### WHAT THE EXERCISE ASKS
Return all of the data verbatim, dropping any picture.

### DATA SHOWN

+ + + +

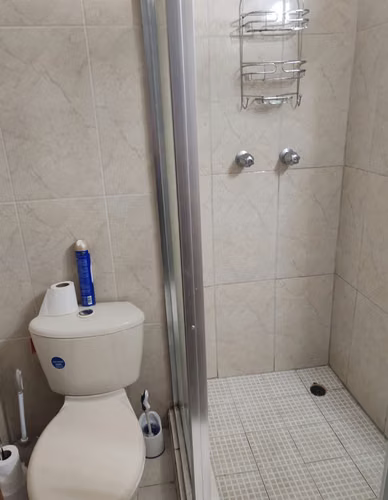 SE ALQUILA CENTRICO APARTAMENTO AMOBLADO EN LA LOCERIA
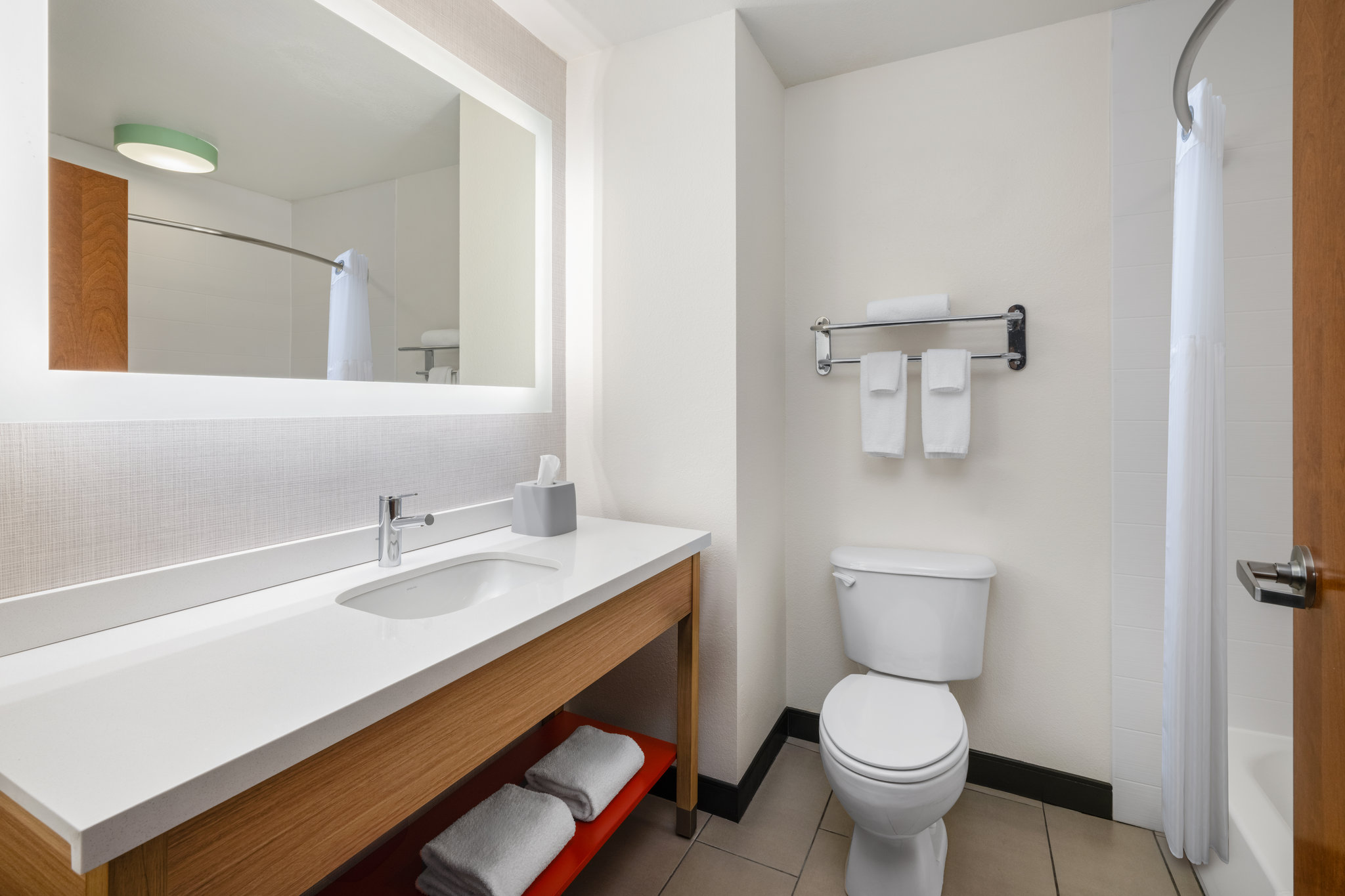 Garner Hotel Brookings by IHG Image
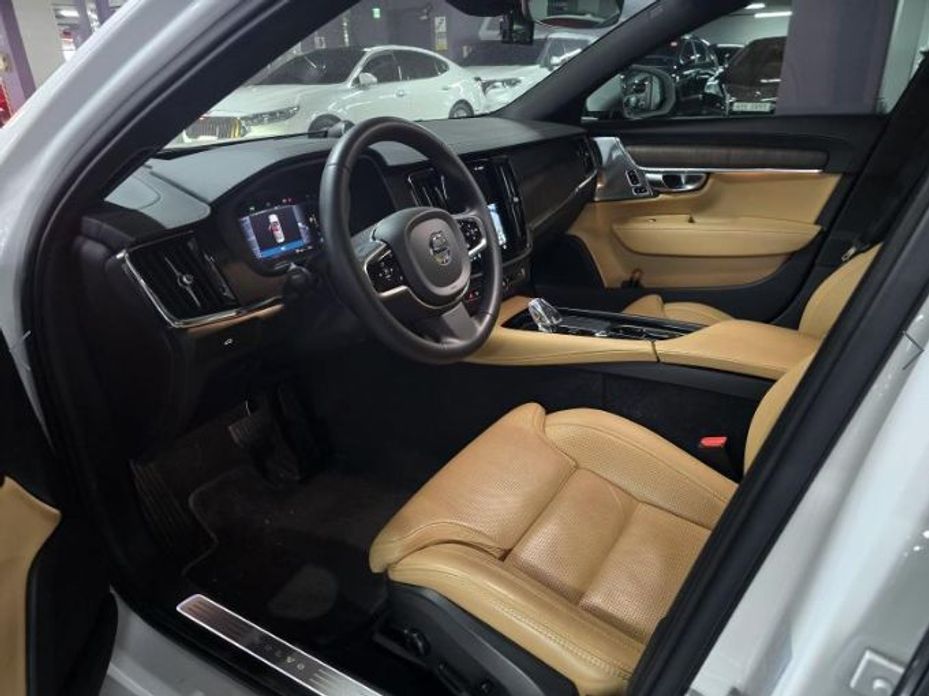 Volvo S90 2023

+ + + +

### WRITTEN SOLUTION
 SE ALQUILA CENTRICO APARTAMENTO AMOBLADO EN LA LOCERIA
 Garner Hotel Brookings by IHG Image
 Volvo S90 2023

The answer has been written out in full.